Westerwelle war Politiker genug um das zu begreifen. Man kann ihm vieles vorwerfen, aber dumm ist er sicher nicht. Den besseren Teil des Jahres 2010 verbrachte er damit, auf Tauchstation zu gehen. Nachdem er das erste halbe schwarz-gelbe Jahr ständig am Poltern war, hörte man plötzlich nichts mehr von ihm. Auch die anderen FDP-Minister schwiegen größtenteils, wann immer es möglich war. Damit schaffte Westerwelle Platz für Skandale wie Klaus Ernsts Porsche und rückte die Inkompetenz der CDU wieder mehr ins Licht. Für einen Moment hatte sich die FDP stabilisiert, wenngleich auch auf niedrigem Niveau, und es schien nur eine Frage der Zeit, bis sich der Schleier des Vergessens über das Anfangschaos gelegt haben würde. In manchen Kommentaren las man anlässlich der Revolution in Ägypten schon, dass Westerwelle endlich den Amtsbonus bekomme und eine souveräne Figur mache. Die FDP schien wieder langsam auf dem Weg nach oben. Dann aber kam Libyen, dann kam Fukushima.

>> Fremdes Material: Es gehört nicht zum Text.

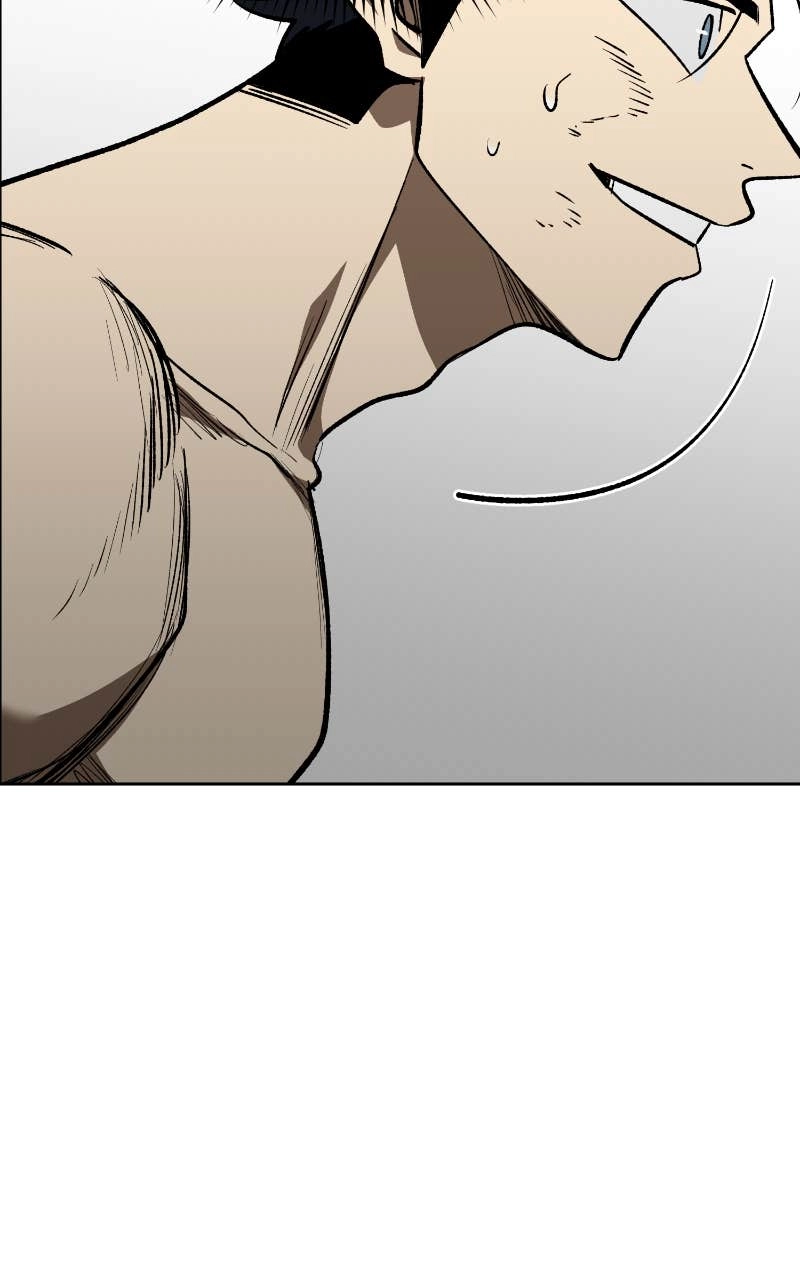 King of the Octagon Chapter 147 - Page 6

Damit war er angezählt. Seine Pfeile waren verschossen, kein As mehr im Ärmel. Er hatte die FDP nach der Kohl-Ära wieder groß gemacht. Unter ihm war die FDP Oppositionsführerin, unter ihm profilierte sie sich und etablierte sich als nächste, als legitime Regierungspartei, der die Macht 2005 nur durch Schröders Populismustricks entrissen worden war. Die Medien glaubten ihm, denn Westerwelle siegte. Es ist eine Mechanik der publizistischen Öffentlichkeit, dass sie Gewinner bejubelt und Verlierer niedermacht. Westerwelles Rücktritt ist deswegen unnötig. Er hat nichts anders gemacht als die Jahre zuvor, allein, es wird nicht mehr goutiert. Die Seifenblasen, die seine Rhetorik und Politik schon immer waren, sind zerplatzt. Und weil die Medien nichts weniger gerne tun als Fehler einzugestehen, schlagen sie in solchen Fällen umso härter zu. Als Westerwelle fiel, fiel er tief und hart. Dieser Fall hat nun ein vorzeitiges Ende gefunden, unvermeidlicherweise. Es sind die Regeln des politischen Betriebs, die seinen Rücktritt als Parteichef unvermeidlich machen, obwohl er sinnvollerweise als Außenminister zurücktreten müsste: als Parteichef führte er die FDP nach vorne, als Außenminister ruinierte er sie. Sollte Westerwelle das als ungerecht empfinden, hat er sicher Recht, aber er hat lange davon profitiert und ist lange genug dabei, um zu wissen, dass in der Politik die Taten von früher gar nichts zählen. Wenn ihm unwohl dabei zumute ist, muss er sich nur auf ein Glas Wein mit seinem Wirtschaftsminister treffen, denn der wird ihm eines sagen können: Politik ist, besonders in Wahlkampfzeiten, nicht immer rational.